What is the effect of the type of political regime (democratic versus authoritarian) on property rights and enforcement institutions? This study explores these issues by examining the effects of regime type and duration on property and contract rights. It argues that property and contract rights are likely to depend on the expected duration of the democratic regime itself rather than the expected tenure of a particular democratic chief executive.
There has long been intense interest in the relations between democratic political institutions and economic progress. Recently, economists have developed an enhanced appreciation of the benefits for economic growth of the institutions of secure property rights and effective contract enforcement mechanisms. This study looks at the duration of political regimes and at the incentives that these create for political leaders. This focus on the duration of regimes arises naturally in an examination of property and contract rights, the beneficial consequences of which depend on the expectations regarding the behaviour of politicians and judges.
A dictator or autocrat who does not expect to last long and who wants to maximise his wealth has an incentive to appropriate whatever assets he can. However, an autocrat who expects to remain in power for a long time has an incentive to establish and then respect property rights for his subjects so that they will produce more output that the autocrat can tax. In contrast to a dictator, a democratic politician does not have the power to abrogate property rights, cancel contracts and seize assets. It is the very nature of a democratic regime that political leaders are constrained from repressing the political rights of opponents and these same constraints may limit their power to abrogate property and contract rights as well.
- Long-duration autocracies provide better property rights than short-duration autocracies.
- Long-lasting democracies provide better property rights than long-duration autocracies or short-duration regimes of either type.
- There is no indication that replacement of autocracy by democracy improves property rights or that movements of regimes in the other direction make them worse.
- In fact, results indicate the reverse: shifts in the direction of autocracy are associated with improvements in property rights.

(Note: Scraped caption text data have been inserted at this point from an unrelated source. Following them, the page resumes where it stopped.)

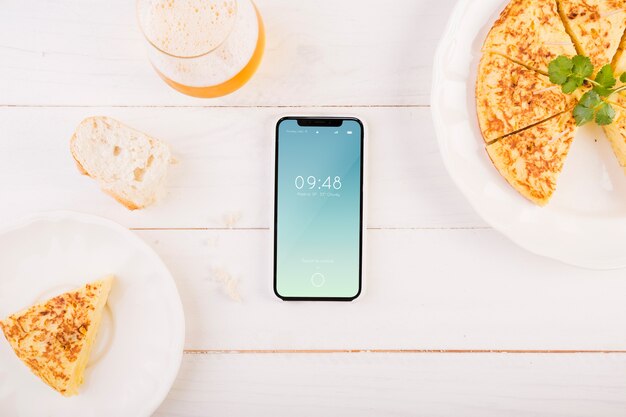 Mockup de comida típica española con smartphone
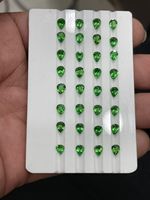 Grenat démontoïde naturel fait à la main coupe de poire calibré pierres précieuses en cristal vert en vrac pour la fabrication de bijoux sans traitement en forme de coeur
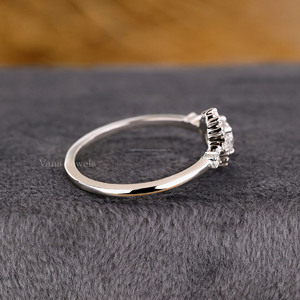 Anillo de compromiso de diamantes cultivados en laboratorio con diamantes de corte hecho a mano Halo ecológicos para aniversario ético Su colección Crete - Product Image 3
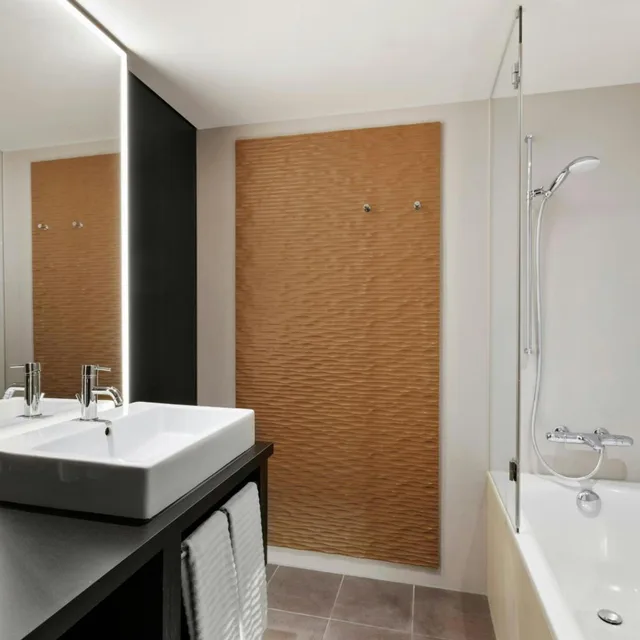 غرفة بسرير مزدوج مع دخول صالة النادي، RENAISSANCE ZURICH TOWER HOTEL 4/5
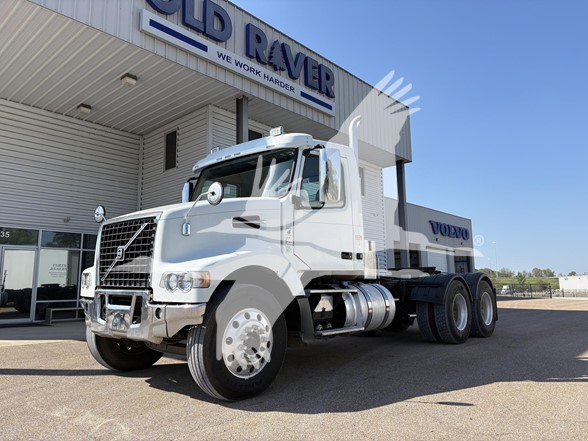 2018 VOLVO VHD64FT300 2018 VOLVO VHD64FT300 - image 1 of 6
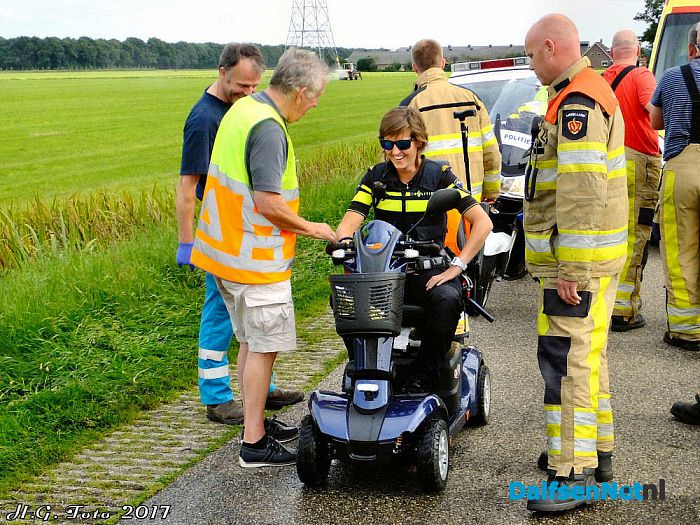 Scootmobiel te water aan de Ankummerdijk. - Foto: H.G. Foto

The prospects for lasting democracy seem to depend on a variety of country characteristics including the level of income, the degree of social and economic inequality, the degree of ethnic and racial tensions, qualities of the government bureaucracy, the presence or absence of the experience of British tutelage.
- Many country characteristics favourable to lasting democracy are also favourable to good economic policy and good property rights, even apart from their effects on democracy. Hence, it is difficult to nail down the causal effects of democracy on property rights and economic performance.
- Theoretical considerations as well as historical evidence support the proposition that long-lasting democracy is favourable to property rights. Democracy is likely to be beneficial to property rights in countries where it stands a good chance of lasting.
- In countries that lack a stable democracy, there is no evidence to support those who claim that democracy is the key to improving the economic institutions favourable to economic growth.
- For a country for which a stable democracy is not a feasible option, a durable autocracy with a leader who is rationally maximising his long-term tax extraction may be, among the available political arrangements, the one most favourable to property rights.